Origins
In July 2024, I developed a kind of "AI fatigue." As an AI product manager, I couldn't muster any interest in AI-related matters. Perhaps experiencing the incredibly exciting industry cycle of Generative AI left me with PTSD, so I decided to do something with 0% AI content.
Audio
I wanted to revisit a field I'd always wanted to explore but never had time for: audio.

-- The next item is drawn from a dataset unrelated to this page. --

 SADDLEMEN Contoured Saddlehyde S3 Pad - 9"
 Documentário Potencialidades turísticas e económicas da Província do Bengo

During my undergraduate years, influenced by many sound engineering students, I read an amazing book: Designing Sound. I was shocked when I first read it, fascinated by its systematic modeling of sound synthesis, such as how to synthesize the sound of an insect flying, which would be broken down into the sound of wings disturbing the air, the friction between wings and air, the sound at the muscle-wing connection point, and the sound of muscle movement. Every time I opened it, I wanted to learn more, but seeing Pure Data's printer menu-like interface (Professor Luo: this is practically a cultural heritage now), and the exploding AI model gradients beside it, well, I gave up.
Not only are the algorithmic principles difficult, but implementing audio algorithms is also extremely challenging. Audio processing algorithms are generally more complex than image processing, and you can't get anywhere without FFT. When looking to create an app that could synthesize and process audio, I searched the community and found only commercial software like Juce that could meet development needs, and it's in C++, making for a less-than-ideal development experience.

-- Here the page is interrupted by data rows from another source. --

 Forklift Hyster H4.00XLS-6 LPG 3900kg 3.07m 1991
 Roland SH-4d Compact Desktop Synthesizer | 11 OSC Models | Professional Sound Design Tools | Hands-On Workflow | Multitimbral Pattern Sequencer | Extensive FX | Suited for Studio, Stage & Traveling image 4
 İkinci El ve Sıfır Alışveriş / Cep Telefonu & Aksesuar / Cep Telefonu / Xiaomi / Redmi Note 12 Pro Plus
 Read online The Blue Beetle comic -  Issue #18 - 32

Just as I was struggling to get started, I discovered an interesting Rust library: FunDSP.
FunDSP is a Rust audio DSP library with an extremely interesting design that combines audio signal flow processing with Rust's operator overloading (implemented through traits). Audio signals can be manipulated with + - * /, all thanks to Rust's fascinating programming paradigm.
Following FunDSP's examples, I modified a simple Synthesizer that can have multiple notes with ADSR envelopes driving different waveforms like sine waves, then passing through filters, harmonics effects, and reverb to output the final audio.

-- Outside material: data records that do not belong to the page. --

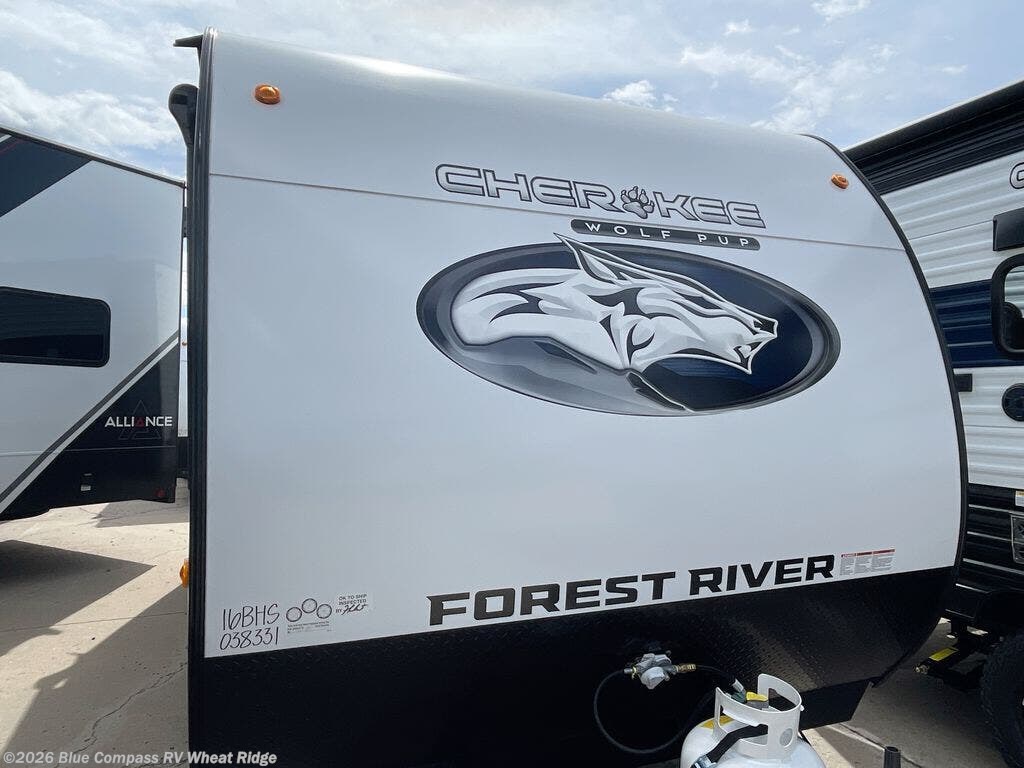 New 2025 Forest River Cherokee Wolf Pup 16BHSW available in Wheat Ridge, Colorado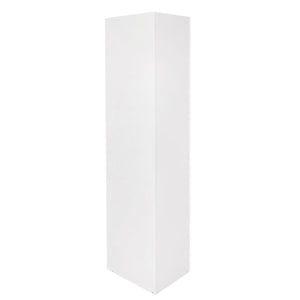 Armadio metallico doppio tipo spogliatoio 1800x450x380mm con anta sicura, 2 ripiani, barra, specchio e ventilazione, grigio Breckner Germany.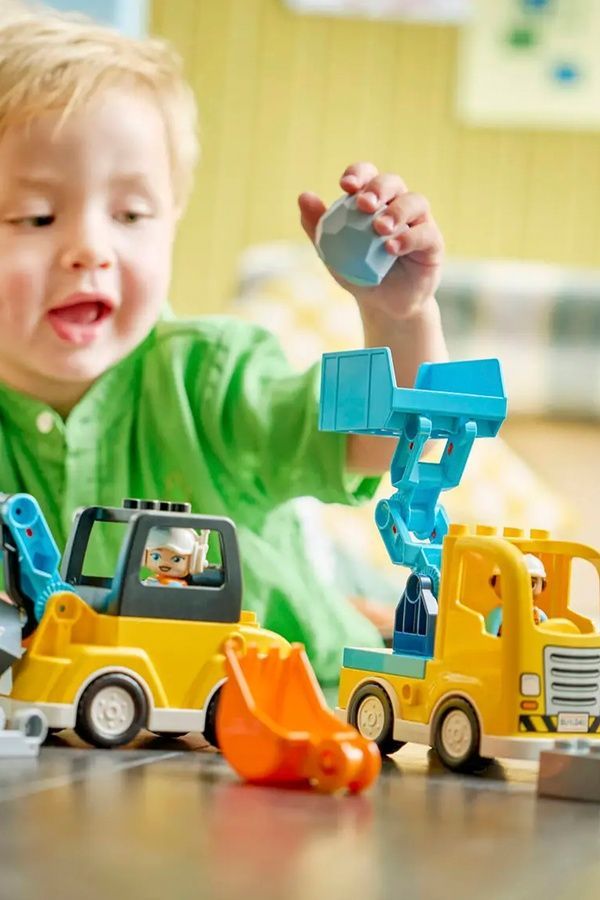 Конструктор LEGO DUPLO 3-в-1 Строительная техника 10475 ЦБ-00290963 фото
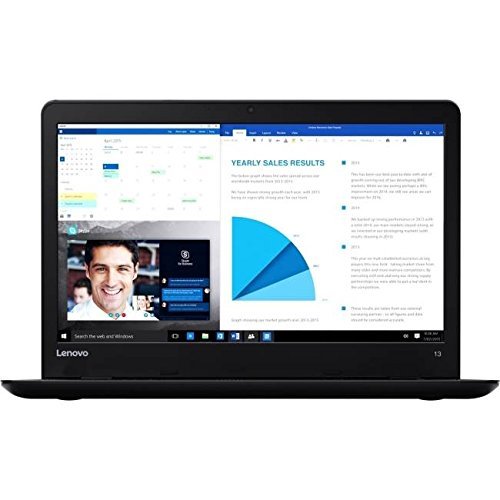 Lenovo Thinkpad 13" Full HD IPS 1080P Chromebook, Core i3-6100U 2.3GHz, 4GB RAM, 16GB eMMC, 802.11ac, Bluetooth, USB-C, HD Webcam, Chrome OS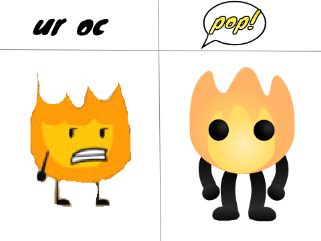 i'll turn ur object OC into a funko pop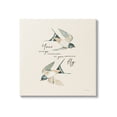 thumbnail image 1 of Stupell Your Wings Already Exist Flying Birds Animals & Insects Painting Gallery Wrapped Canvas Print Wall Art, 1 of 7
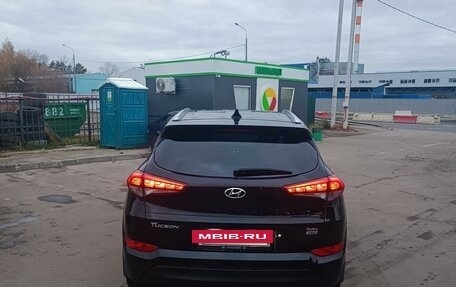 Hyundai Tucson III, 2016 год, 1 920 000 рублей, 6 фотография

I used this sound generation mechanism to programmatically recreate the widely circulated poly rhythm from YouTube.
Rendering
After solving the audio development challenges, the next big task was rendering.
Initially, I wanted to use Godot as the rendering engine. When I first encountered it, I was very excited (probably from suffering with Unity and Unreal for too long): there was actually an engine that was so lightweight, had such a good development experience with its own scripting language + IDE, had increasingly more tutorials (like my favorite Unity blogger Brackeys), and had a well-maintained Rust extension by the community. It didn't take long to integrate the Rust sound algorithms, and it worked on all platforms.
But after completion, the problems suddenly emerged.
At that time, Godot didn't support direct compilation to Metal for macOS and iOS, everything had to go through Vulkan, which not only caused performance issues but also had incomplete feature support. For example, compute shaders (GPGPU), which are commonly used for visual effects development, were almost unusable in Godot, unlike Unity (Visual Effect Graph) and Unreal (Niagara) which have built-in GPU particle systems that can interact with project code.
Unity was still better after all, I was wrong about Unity Engine.
The second issue arose when I began to develop the concept of "visual albums," wanting to package these audio-visual interactive scenes into interactive "albums." On mobile, it should be like a music player app, so I tried to implement an iOS app UI in Godot, thinking it would be cool like those Web3D websites. But reality hit hard - even the latest iPhone couldn't handle running a real-time rendered main menu at 120Hz, plus rendering each scene in the Viewport.
All in Rust!
Finally, I abandoned Godot and chose a very low-level implementation approach, redesigning the architecture and completely restructuring the project:
- The rendering layer uses wgpu for development, with shaders written in WGSL. It supports almost all the drawing features I wanted, such as compute shaders and indirect draw, with only hardware ray tracing APIs not included.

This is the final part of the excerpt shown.